70s Fashion Trends
A glance back at the fashion trends of the 70s might have some shaking their heads, but those who lived through the decade thought that what they put on each morning was pretty darn cool!
While the fashions of the 1970s were quite different from trends that followed, many of the fads of the decade eventually came back into fashion and are quite popular with those who enjoy a retro look.
Bell Bottom Trousers
No 70s trend was more iconic than bell bottoms, though the fad actually started in the late 60s. Any kind of pants could be bell bottomed, from jeans to dress slacks.Compared to today’s flared pants, these had bottoms that were much wider, sometimes immensely wide. (Those were called “elephant” pants.)
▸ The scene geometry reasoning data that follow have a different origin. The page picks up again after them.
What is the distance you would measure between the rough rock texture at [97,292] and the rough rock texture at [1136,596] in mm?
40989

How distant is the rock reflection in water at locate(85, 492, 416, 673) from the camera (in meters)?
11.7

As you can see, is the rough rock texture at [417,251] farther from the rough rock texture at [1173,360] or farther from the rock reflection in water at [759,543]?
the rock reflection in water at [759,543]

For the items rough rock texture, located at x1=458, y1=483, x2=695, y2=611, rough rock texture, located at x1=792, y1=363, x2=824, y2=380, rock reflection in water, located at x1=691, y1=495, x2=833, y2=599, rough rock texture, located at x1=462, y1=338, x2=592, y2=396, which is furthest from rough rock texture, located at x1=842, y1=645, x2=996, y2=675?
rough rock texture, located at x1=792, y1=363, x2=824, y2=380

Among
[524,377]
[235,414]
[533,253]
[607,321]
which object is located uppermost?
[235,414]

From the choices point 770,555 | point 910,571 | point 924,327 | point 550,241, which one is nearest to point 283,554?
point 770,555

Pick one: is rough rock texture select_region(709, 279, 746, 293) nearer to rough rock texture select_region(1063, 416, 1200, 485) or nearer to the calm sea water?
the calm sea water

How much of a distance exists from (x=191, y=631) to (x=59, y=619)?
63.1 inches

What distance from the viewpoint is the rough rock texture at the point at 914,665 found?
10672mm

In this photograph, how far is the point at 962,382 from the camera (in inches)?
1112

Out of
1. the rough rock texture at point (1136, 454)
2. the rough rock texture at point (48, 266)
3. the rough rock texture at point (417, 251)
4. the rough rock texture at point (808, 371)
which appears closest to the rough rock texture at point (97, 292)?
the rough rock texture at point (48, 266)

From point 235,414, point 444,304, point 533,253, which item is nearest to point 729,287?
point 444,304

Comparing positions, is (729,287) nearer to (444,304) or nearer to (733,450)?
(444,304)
Many owners of bell bottom jeans also took it upon themselves to decorate their pants. If the bell wasn’t wide enough, it was acceptable to rip open the seams at the bottom and add a little extra fabric, preferably something in a very bright color pattern like paisley. In the 70s, jeans were also studded or otherwise decorated to make them more ornate.
Varying Skirt Lengths
In the early 1970s, the mini skirt was still popular, but by the middle of the decade, three lengths of skirt were available. While minis were still a favorite, designers also introduced the midi – which reached down to somewhere between the knee and the ankle.
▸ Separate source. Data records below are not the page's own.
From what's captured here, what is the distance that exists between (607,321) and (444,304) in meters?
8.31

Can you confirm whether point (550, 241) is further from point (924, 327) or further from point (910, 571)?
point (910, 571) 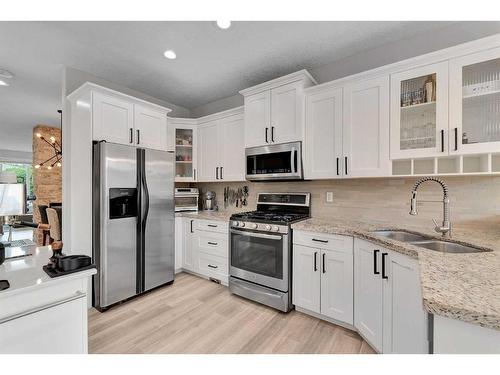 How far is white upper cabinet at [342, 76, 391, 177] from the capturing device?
2.06 m

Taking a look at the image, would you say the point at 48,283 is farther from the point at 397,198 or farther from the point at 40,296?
the point at 397,198

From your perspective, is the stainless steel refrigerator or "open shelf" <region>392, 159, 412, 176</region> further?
the stainless steel refrigerator

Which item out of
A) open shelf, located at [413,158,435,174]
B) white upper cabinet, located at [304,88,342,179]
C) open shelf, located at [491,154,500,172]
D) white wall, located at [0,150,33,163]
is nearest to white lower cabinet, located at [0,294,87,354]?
white upper cabinet, located at [304,88,342,179]

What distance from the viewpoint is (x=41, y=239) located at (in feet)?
15.1

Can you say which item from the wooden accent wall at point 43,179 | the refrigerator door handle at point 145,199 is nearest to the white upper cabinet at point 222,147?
the refrigerator door handle at point 145,199

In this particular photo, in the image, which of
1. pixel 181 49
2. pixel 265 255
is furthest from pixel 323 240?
pixel 181 49

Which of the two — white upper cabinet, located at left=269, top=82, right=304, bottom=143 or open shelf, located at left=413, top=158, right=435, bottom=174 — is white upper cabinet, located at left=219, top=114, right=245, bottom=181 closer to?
white upper cabinet, located at left=269, top=82, right=304, bottom=143

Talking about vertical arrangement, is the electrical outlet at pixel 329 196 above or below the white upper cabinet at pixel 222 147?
below

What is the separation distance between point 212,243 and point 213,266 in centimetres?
31

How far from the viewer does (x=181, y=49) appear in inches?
93.1

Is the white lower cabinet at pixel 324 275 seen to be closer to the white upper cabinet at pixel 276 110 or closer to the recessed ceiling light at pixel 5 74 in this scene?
the white upper cabinet at pixel 276 110

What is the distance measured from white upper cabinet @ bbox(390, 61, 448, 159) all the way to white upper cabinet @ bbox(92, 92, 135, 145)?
2.78 m

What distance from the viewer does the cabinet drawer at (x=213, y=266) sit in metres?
2.90

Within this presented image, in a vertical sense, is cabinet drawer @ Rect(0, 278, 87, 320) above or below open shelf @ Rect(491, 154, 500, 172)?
below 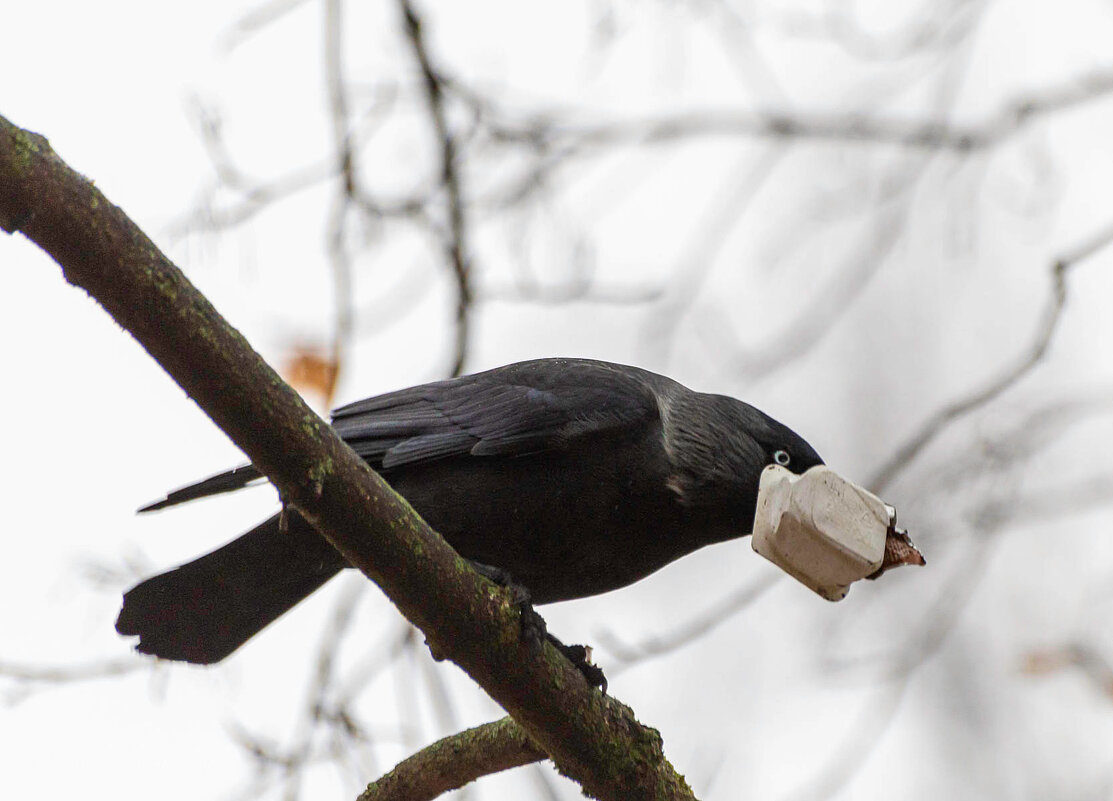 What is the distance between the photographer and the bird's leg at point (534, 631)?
292 cm

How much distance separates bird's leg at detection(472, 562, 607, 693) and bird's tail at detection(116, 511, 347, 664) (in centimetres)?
61

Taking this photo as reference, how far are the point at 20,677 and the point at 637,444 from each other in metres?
2.59

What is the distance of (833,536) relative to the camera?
9.93 ft

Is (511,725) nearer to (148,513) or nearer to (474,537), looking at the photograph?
(474,537)

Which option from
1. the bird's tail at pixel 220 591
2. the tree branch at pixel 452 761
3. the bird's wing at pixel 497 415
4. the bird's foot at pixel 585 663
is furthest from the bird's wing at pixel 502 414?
the tree branch at pixel 452 761

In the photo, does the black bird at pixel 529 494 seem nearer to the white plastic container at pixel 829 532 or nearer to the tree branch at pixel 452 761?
the tree branch at pixel 452 761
And to add another dimension, women could also purchase maxi skirts, which extended down to the ankles or floor. Which you chose generally depended on your personality or, in some cases, the formality of the occasion.
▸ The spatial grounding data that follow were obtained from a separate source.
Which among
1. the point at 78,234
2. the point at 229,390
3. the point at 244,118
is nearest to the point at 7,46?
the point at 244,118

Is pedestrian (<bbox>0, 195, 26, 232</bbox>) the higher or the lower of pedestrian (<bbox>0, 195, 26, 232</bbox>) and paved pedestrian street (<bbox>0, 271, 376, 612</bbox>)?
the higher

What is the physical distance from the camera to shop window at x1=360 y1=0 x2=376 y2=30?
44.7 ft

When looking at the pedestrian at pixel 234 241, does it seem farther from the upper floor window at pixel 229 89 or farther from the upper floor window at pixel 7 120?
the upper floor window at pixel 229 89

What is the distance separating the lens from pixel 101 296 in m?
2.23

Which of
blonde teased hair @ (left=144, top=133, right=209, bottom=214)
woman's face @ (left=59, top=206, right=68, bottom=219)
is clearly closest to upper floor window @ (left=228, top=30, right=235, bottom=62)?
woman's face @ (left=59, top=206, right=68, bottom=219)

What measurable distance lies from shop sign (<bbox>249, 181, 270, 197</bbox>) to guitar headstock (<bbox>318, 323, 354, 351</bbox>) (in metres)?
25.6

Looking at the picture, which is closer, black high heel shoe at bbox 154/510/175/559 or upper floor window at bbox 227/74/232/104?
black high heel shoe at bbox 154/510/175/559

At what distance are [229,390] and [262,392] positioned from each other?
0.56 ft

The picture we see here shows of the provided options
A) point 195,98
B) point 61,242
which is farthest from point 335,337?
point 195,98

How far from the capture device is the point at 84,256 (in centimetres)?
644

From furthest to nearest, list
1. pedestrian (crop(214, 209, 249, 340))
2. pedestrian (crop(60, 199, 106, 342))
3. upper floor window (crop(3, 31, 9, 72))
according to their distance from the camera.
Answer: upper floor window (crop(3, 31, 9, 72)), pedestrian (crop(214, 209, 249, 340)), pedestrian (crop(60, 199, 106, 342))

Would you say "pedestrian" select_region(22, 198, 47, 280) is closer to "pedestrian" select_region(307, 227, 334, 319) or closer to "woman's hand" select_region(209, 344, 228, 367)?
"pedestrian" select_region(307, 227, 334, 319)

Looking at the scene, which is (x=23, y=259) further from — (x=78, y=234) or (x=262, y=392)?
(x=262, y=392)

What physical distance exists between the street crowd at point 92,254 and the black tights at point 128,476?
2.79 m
The midi really didn’t have a lot of fans. It came and went but the other two lengths are still around
No doubt the most outrageous fashion trend of the 70s, platform shoes were wild and crazy. Made of a variety of materials – from plastic to wood and everything in between - and available in a diverse selection of styles, these shoes with the huge soles and heels were popular with both sexes and were usually worn with other disco era favorites.
Available for both men and women, the jumpsuits were often fashioned of a shiny lamé fabric and adorned with a wide belt. It seemed as if the motto for jumpsuits was “the tighter, the better” and not everyone looked good in them, though that didn’t stop some people from wearing them.
Probably the trend of the 70s that elicits the most chuckles, the leisure suit was meant to be a less formal version of the traditional men’s suit.
It had a boxy jacket that buttoned all the way up the front and pants that matched. Usually, you didn’t find the leisure suit in traditional suit colors, like black, brown, gray, or navy. Instead, they were made from pastel fabrics or – in some cases – plaid.
They were usually paired with a bright-colored silky shirt.
Another trend in 70s suits was the three-piece version. Made popular in films like Saturday Night Fever, this suit had a pants, vest, and jacket that matched.
In the 70s, the three-piece suit was often worn with a contrasting long-collared shirt sans the tie. Instead, the shirt was open to the third button or so to show off that manly chest.